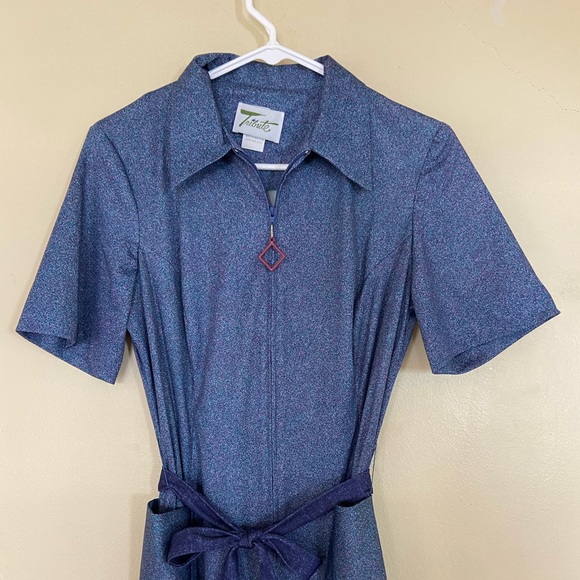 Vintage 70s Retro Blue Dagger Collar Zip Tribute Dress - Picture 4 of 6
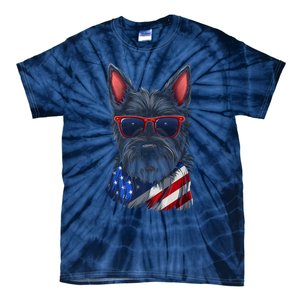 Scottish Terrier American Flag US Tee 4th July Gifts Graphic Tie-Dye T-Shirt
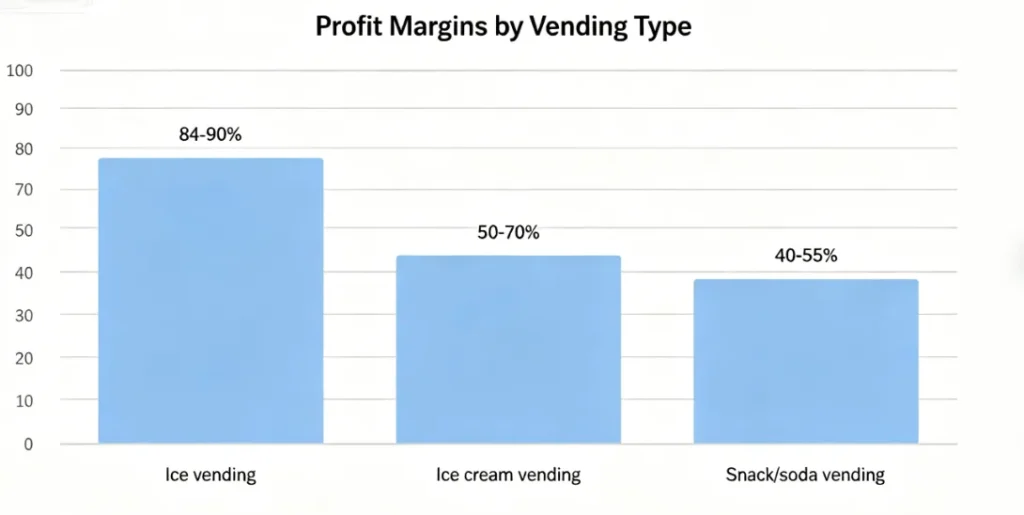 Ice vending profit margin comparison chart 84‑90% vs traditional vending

Problem description
What you hand back should match the listing exactly, except that no pictures appear.

Exercise answer
 Vintage 70s Retro Blue Dagger Collar Zip Tribute Dress - Picture 4 of 6
 Scottish Terrier American Flag US Tee 4th July Gifts Graphic Tie-Dye T-Shirt
 Ice vending profit margin comparison chart 84‑90% vs traditional vending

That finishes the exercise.